Akar persoalan dari kekerasan seksual yang semakin marak terjadi adalah akibat penerapan ideologi kapitalisme. Kapitalisme melahirkan akidah sekuler sehingga terbentuk pemikiran dan perilaku yang serba bebas tanpa aturan atau liberal di negeri ini. Agama hanya boleh mengatur ranah urusan ibadah individu saja dan meminggirkan peran agama dalam urusan kehidupannya. Selain itu sanksi yang diberikan tidak memberikan efek jera. Dengan demikian, yang seharusnya diberantas tuntas adalah sistem kapitalisme sekularisme yang diterapkan saat ini.

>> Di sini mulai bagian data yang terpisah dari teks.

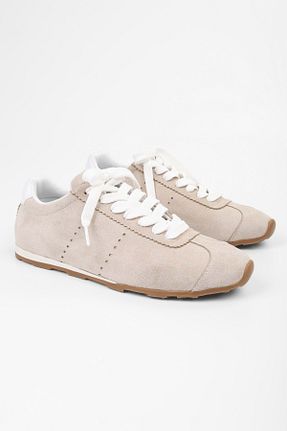 کفش اسنیکر بژ زنانه بند دار Shoeberry - کد 927630378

Islam merupakan solusi tuntas untuk mengatasi kekerasan seksual baik secara kuratif (penanggulangan) maupun preventif (pencegahan). Mekanisme Islam dalam memberantas kekerasan seksual adalah dengan menerapkan sistem pergaulan Islam yang mengatur interaksi antara laki-laki dan perempuan, baik dalam ranah individu maupun sosial. Islam akan menutup berbagai kegiatan yang bisa menimbulkan kekerasan seksual, seperti mengumbar aurat dan sensualitas di tempat umum, situs porno, dan lainnya. Islam akan memberikan pembinaan akidah yang kuat serta menjaga akal, jiwa, dan juga kehormatan warganya. Sehingga, akan membentuk masyarakat yang senantiasa melakukan amar makruf nahi mungkar. Sanksi tegas juga akan ditegakkan bagi para pelaku, apabila belum menikah dijilid (dicambuk) di tempat umum, jika pelakunya sudah menikah dia sampai mati. Hukuman yang seperti itu akan menimbulkan efek jera bagi yang lain dan juga sebagai penebus dosa bagi pelaku yang telah dilakukannya jika sampai pada waktunya di hari perhitungan nanti.

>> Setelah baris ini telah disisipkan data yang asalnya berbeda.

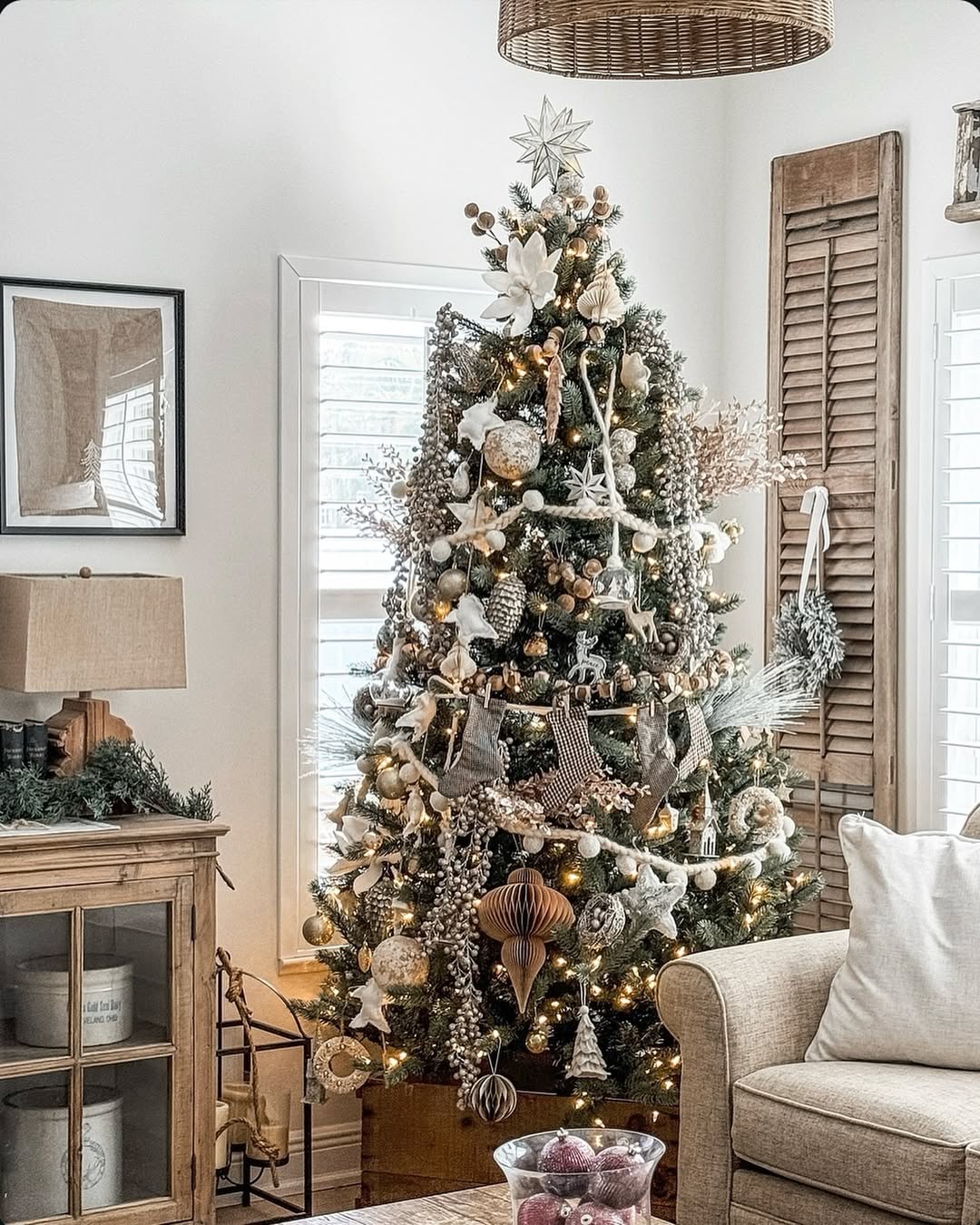 Farmhouse Christmas Tree with Neutral and Gold Ornaments Farmhouse Christmas Tree with Neutral and Gold Ornaments — Aesthetic Christmas Decor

Jelas sudah, bahwa Permen PPKS bukanlah solusi atas kasus kekerasan seksual yang semakin merebak di kampus. Alih-alih memberantasnya, yang terjadi malah membuka lebar gerbang legalisasi zina di lingkungan kampus. Tanpa adanya Permen PPKS saja, kondisi kehidupan kampus sudah tidak karuan, apalagi dengan diterapkan aturan tersebut, generasi penerus menjadi taruhannya. Tentunya keadaan seperti ini sangat meresahkan, oleh karena itu Permen PPKS harus ditolak dan itu bukanlah solusi atas kasus kekerasan seksual yang kian marak. Islamlah solusi atas seluruh persoalan yang melanda negeri ini, termasuk kekerasan seksual. Seluruh mekanisme yang dimiliki Islam untuk memberantas kekerasan seksual dapat terlaksana, ketika seluruh aturan Islam diterapkan secara menyeluruh dan totalitas dalam kehidupan berbangsa dan bernegara.